At Celaton we have been talking about the different types of data for many years and despite the plethora of definitions available, there is still some confusion over what exactly unstructured data is?
It is first important to define data, as there is certainly a lot of it in the world and it can mean different things to different people. The Cambridge dictionary defines data as:
‘Information, especially facts or numbers, collected to be examined and considered and used to help decision-making or information in an electronic form that can be stored and used by a computer’.
In Celaton’s world, data is anything that is submitted to an organisation. That might be facts or numbers, as per the dictionary definition, but it is also invoices, sales orders, claims and customer correspondence. Data is anything that an organisation receives, via post, email, web form or any other channel that needs to be processed and understood in order to perform a further action and gain insight. In this sense, data is fundamental to an organisation’s daily operational activities.
For an organisation looking to streamline the processing of documents with automation technologies such as RPA or Intelligent Process Automation (IPA), there are three main types of data to consider. These categories depend on the complexity of the documents for the respective technology to process and include ‘Structured’, ‘Semi-Structured’ and ‘Unstructured’ data.
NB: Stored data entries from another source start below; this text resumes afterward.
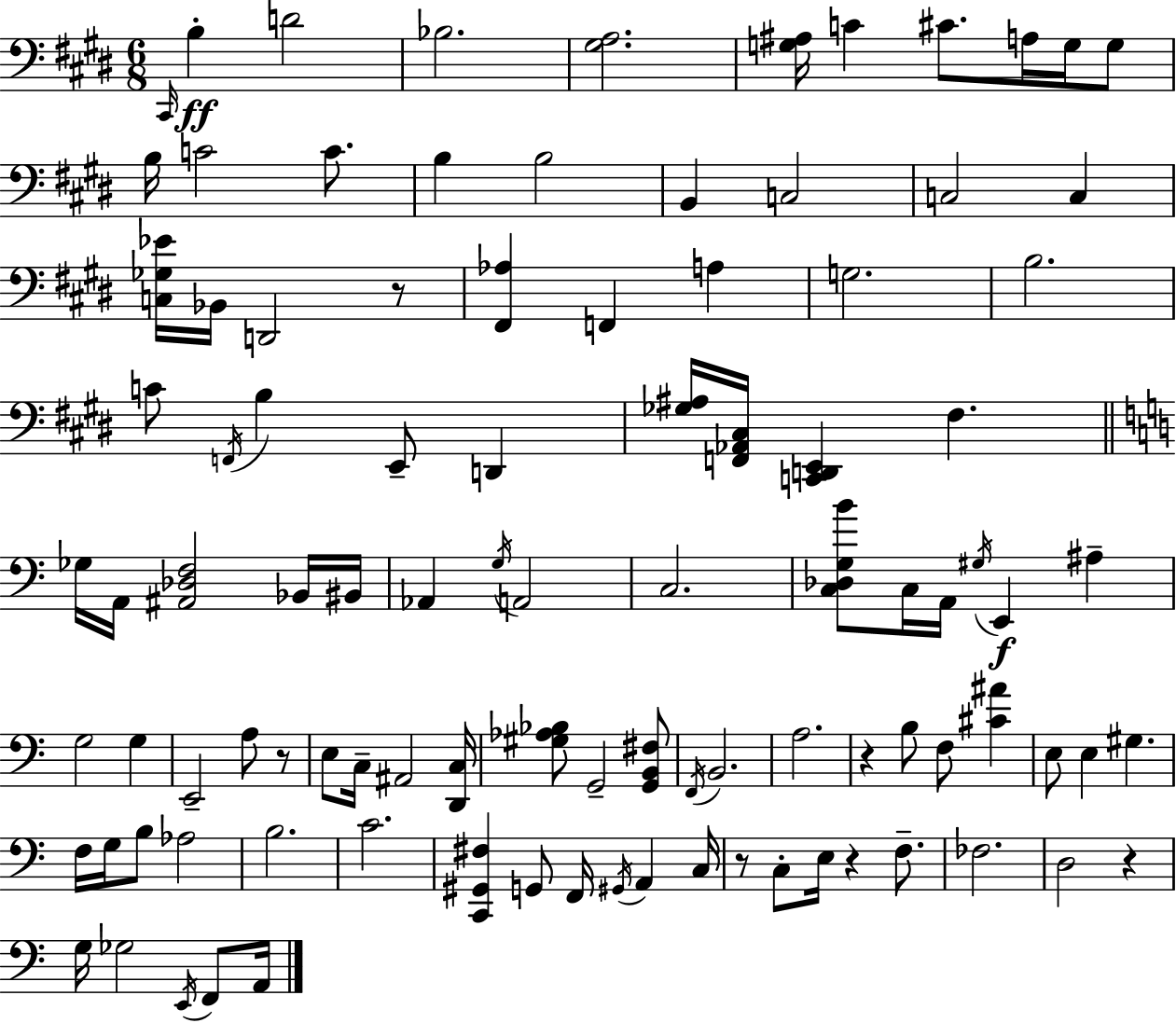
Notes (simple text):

C#2/s B3/q D4/h Bb3/h. [G#3,A3]/h. [G3,A#3]/s C4/q C#4/e. A3/s G3/s G3/e B3/s C4/h C4/e. B3/q B3/h B2/q C3/h C3/h C3/q [C3,Gb3,Eb4]/s Bb2/s D2/h R/e [F#2,Ab3]/q F2/q A3/q G3/h. B3/h. C4/e F2/s B3/q E2/e D2/q [Gb3,A#3]/s [F2,Ab2,C#3]/s [C2,D2,E2]/q F#3/q. Gb3/s A2/s [A#2,Db3,F3]/h Bb2/s BIS2/s Ab2/q G3/s A2/h C3/h. [C3,Db3,G3,B4]/e C3/s A2/s G#3/s E2/q A#3/q G3/h G3/q E2/h A3/e R/e E3/e C3/s A#2/h [D2,C3]/s [G#3,Ab3,Bb3]/e G2/h [G2,B2,F#3]/e F2/s B2/h. A3/h. R/q B3/e F3/e [C#4,A#4]/q E3/e E3/q G#3/q. F3/s G3/s B3/e Ab3/h B3/h. C4/h. [C2,G#2,F#3]/q G2/e F2/s G#2/s A2/q C3/s R/e C3/e E3/s R/q F3/e. FES3/h. D3/h R/q G3/s Gb3/h E2/s F2/e A2/s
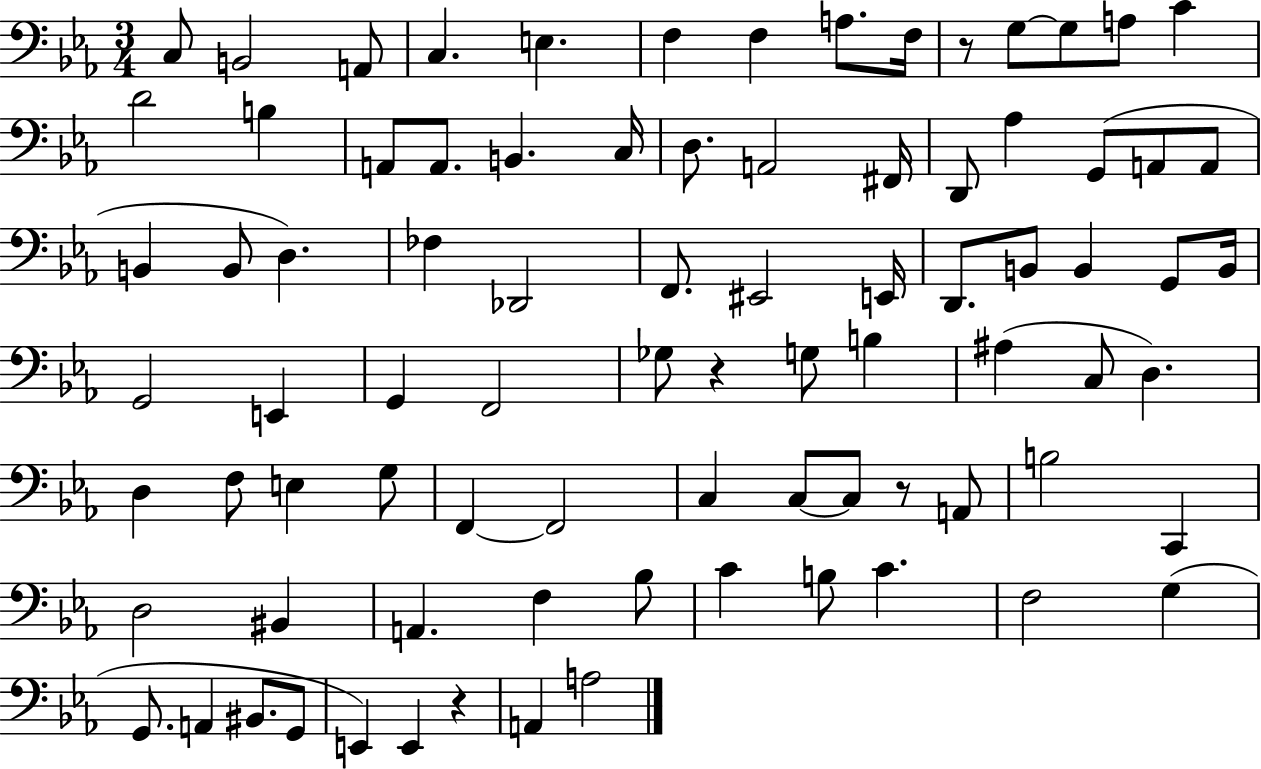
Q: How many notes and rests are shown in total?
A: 84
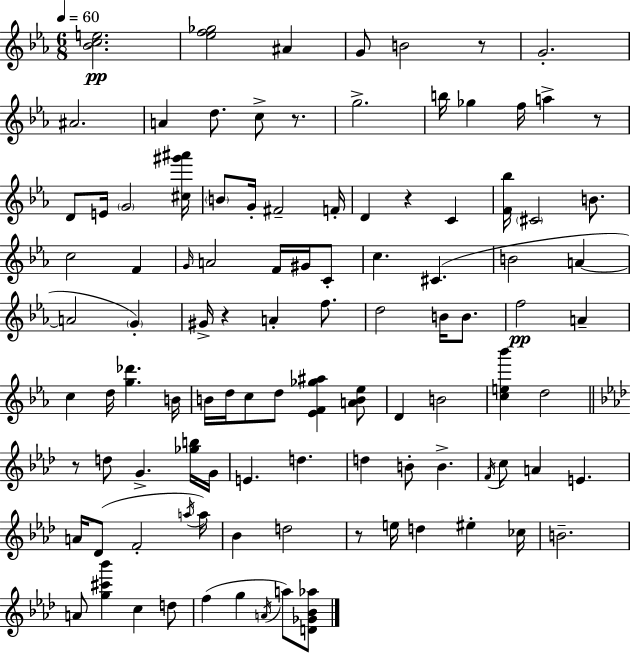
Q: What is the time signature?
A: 6/8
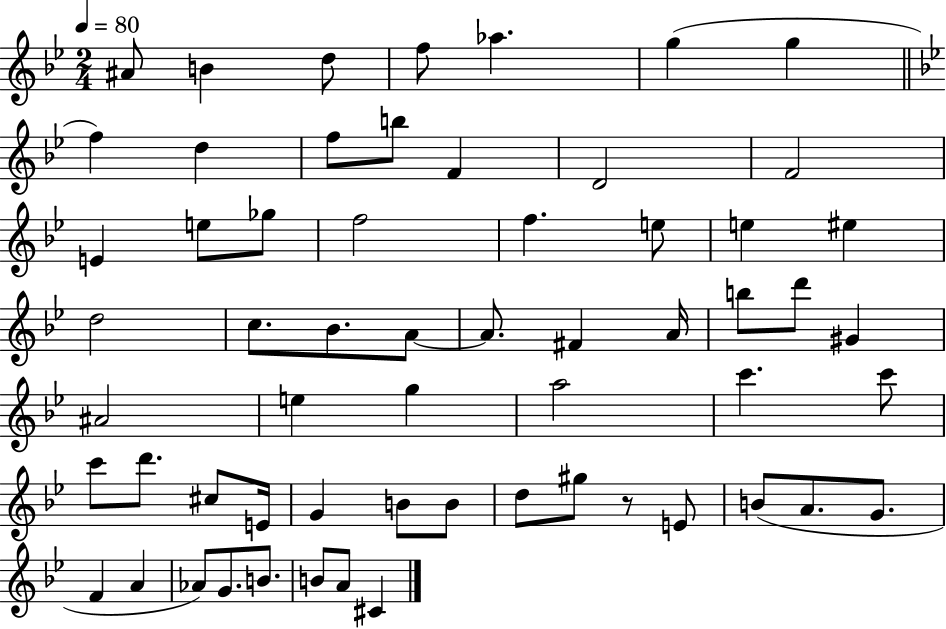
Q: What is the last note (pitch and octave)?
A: C#4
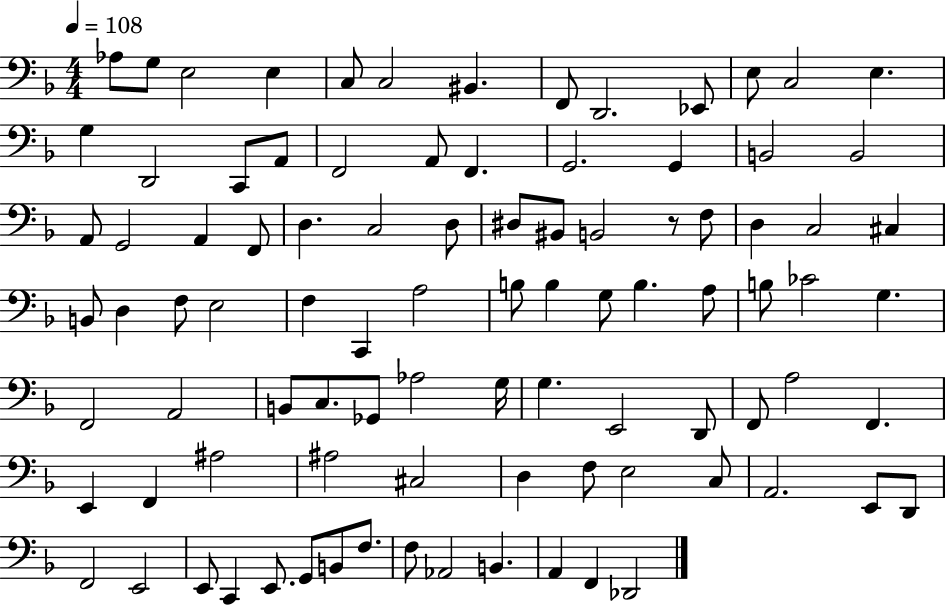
{
  \clef bass
  \numericTimeSignature
  \time 4/4
  \key f \major
  \tempo 4 = 108
  aes8 g8 e2 e4 | c8 c2 bis,4. | f,8 d,2. ees,8 | e8 c2 e4. | \break g4 d,2 c,8 a,8 | f,2 a,8 f,4. | g,2. g,4 | b,2 b,2 | \break a,8 g,2 a,4 f,8 | d4. c2 d8 | dis8 bis,8 b,2 r8 f8 | d4 c2 cis4 | \break b,8 d4 f8 e2 | f4 c,4 a2 | b8 b4 g8 b4. a8 | b8 ces'2 g4. | \break f,2 a,2 | b,8 c8. ges,8 aes2 g16 | g4. e,2 d,8 | f,8 a2 f,4. | \break e,4 f,4 ais2 | ais2 cis2 | d4 f8 e2 c8 | a,2. e,8 d,8 | \break f,2 e,2 | e,8 c,4 e,8. g,8 b,8 f8. | f8 aes,2 b,4. | a,4 f,4 des,2 | \break \bar "|."
}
Structured data is defined by Tech Target as ‘data that has been organised into a formatted repository, typically a database’. This type of data is more typically found in spreadsheets or in formatted tables and traditional Digital Process Automation (DPA) solutions such as OCR and RPA have already been proven to be very effective at processing this type of data. DPA solutions take the appropriate manual tasks within a process and make use of computer systems to help organise and perform them more efficiently, eliminating unnecessary repetitive tasks by having the computer system carry them out instead. DPA works well when structured data needs to be processed because data fields within the document are fixed and there is low variation in templates, making it simple for pre-programmed rules to be applied to process information.
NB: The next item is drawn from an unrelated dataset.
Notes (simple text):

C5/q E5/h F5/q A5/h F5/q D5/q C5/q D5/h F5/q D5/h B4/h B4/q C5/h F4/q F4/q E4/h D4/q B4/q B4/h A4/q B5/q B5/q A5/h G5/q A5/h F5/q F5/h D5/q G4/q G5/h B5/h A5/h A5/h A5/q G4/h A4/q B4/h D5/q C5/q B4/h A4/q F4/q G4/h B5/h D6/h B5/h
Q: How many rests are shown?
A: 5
Semi-Structured, on the other hand, is data that contains semantic tags but does not conform to the structure associated with typical relational databases. For organisations, semi-structured data is the most common and often found within invoices, sales orders and some forms. The data contained within these types of documents can often move around the page, for example, one supplier's sales order format may vary from another and are typically more labour intensive to process. Due to the variation present in semi-structured documents, traditional DPA solutions may struggle to process them due to their rules-based approach to data identification and extraction. For example, within an Accounts Payable process, an organisation might receive 10,000’s of invoices from a wide variety of suppliers that need processing for payment. It is challenging for traditional DPA solutions to process such a wide variety of documents at volume because of the time and cost involved with reprogramming the software with every new format received requiring an amendment to a template.
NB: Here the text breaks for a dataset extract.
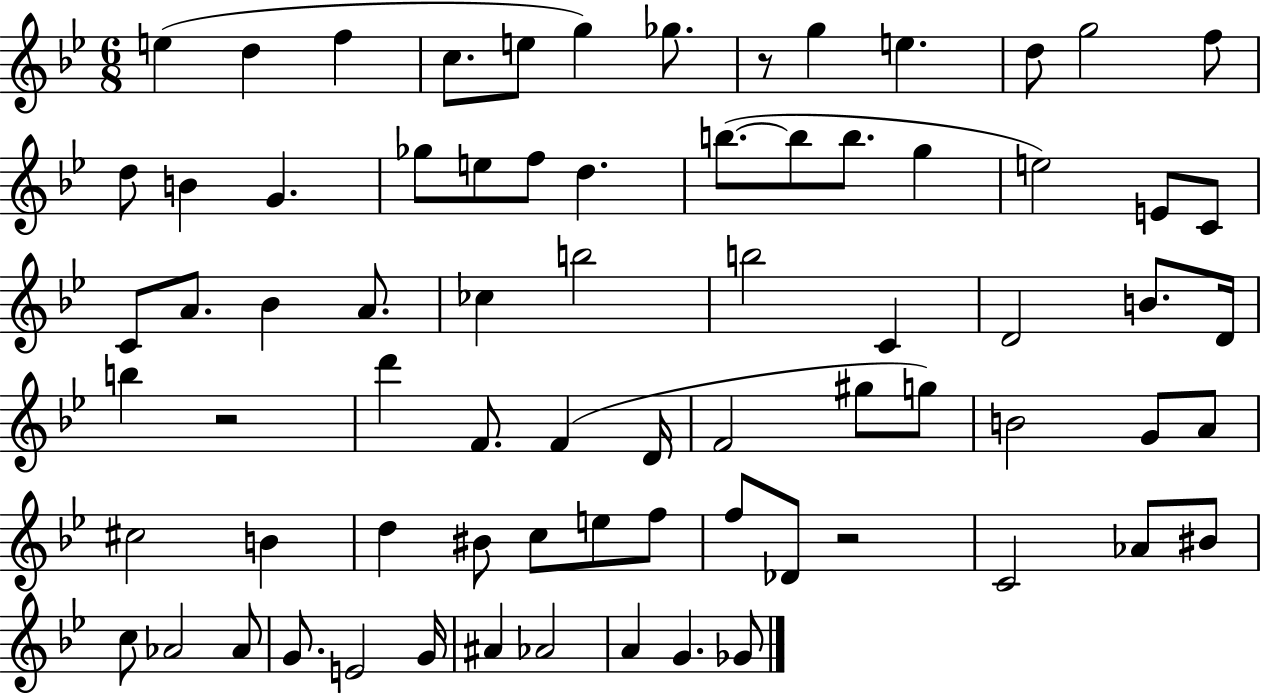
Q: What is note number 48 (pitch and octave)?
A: A4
IPA platforms, such as Celaton’s inSTREAM™, enable organisations to process documents with higher variation and at high volume, because of its application of Machine Learning algorithms in a system called ‘Human in the Loop’. inSTREAM learns through the natural consequence of processing and through collaborating with human operators who teach it about each new document or exception. This means there is no need for the platform to be reprogrammed with every new document type received, not only reducing cost and time but also significantly improving process optimisation and scalability.
The final category, unstructured data, is defined as having no predefined format and is typically text-heavy and written in the human voice. This makes it much more difficult to collect, process, and analyse. Organisations tend to receive unstructured data within customer correspondence and in some claims. As such, this data is often linked to customer experience and so delays in processing can impact a company’s reputation and potential competitive advantage.
The complexity of unstructured data means IPA platforms can be applied to process these documents because of the use of Machine Learning and ‘Human in the Loop’. However, it is important to note that in some instances, manual processing may still be required because of the complexity of the document, for example, it may be handwritten, or learning is limited if low volumes are received. In these instances, it may not be cost-effective to deploy Intelligent Automation technology as it can be difficult to achieve ROI.
In conclusion, despite how broad and confusing the terminology surrounding data might be, organisations can no longer ignore the important role effectively processing data has on business success. Through understanding the different types of documents and data contained within them, organisations can better identify the most effective technology applications for their processes and achieve sustainable long-term efficiencies.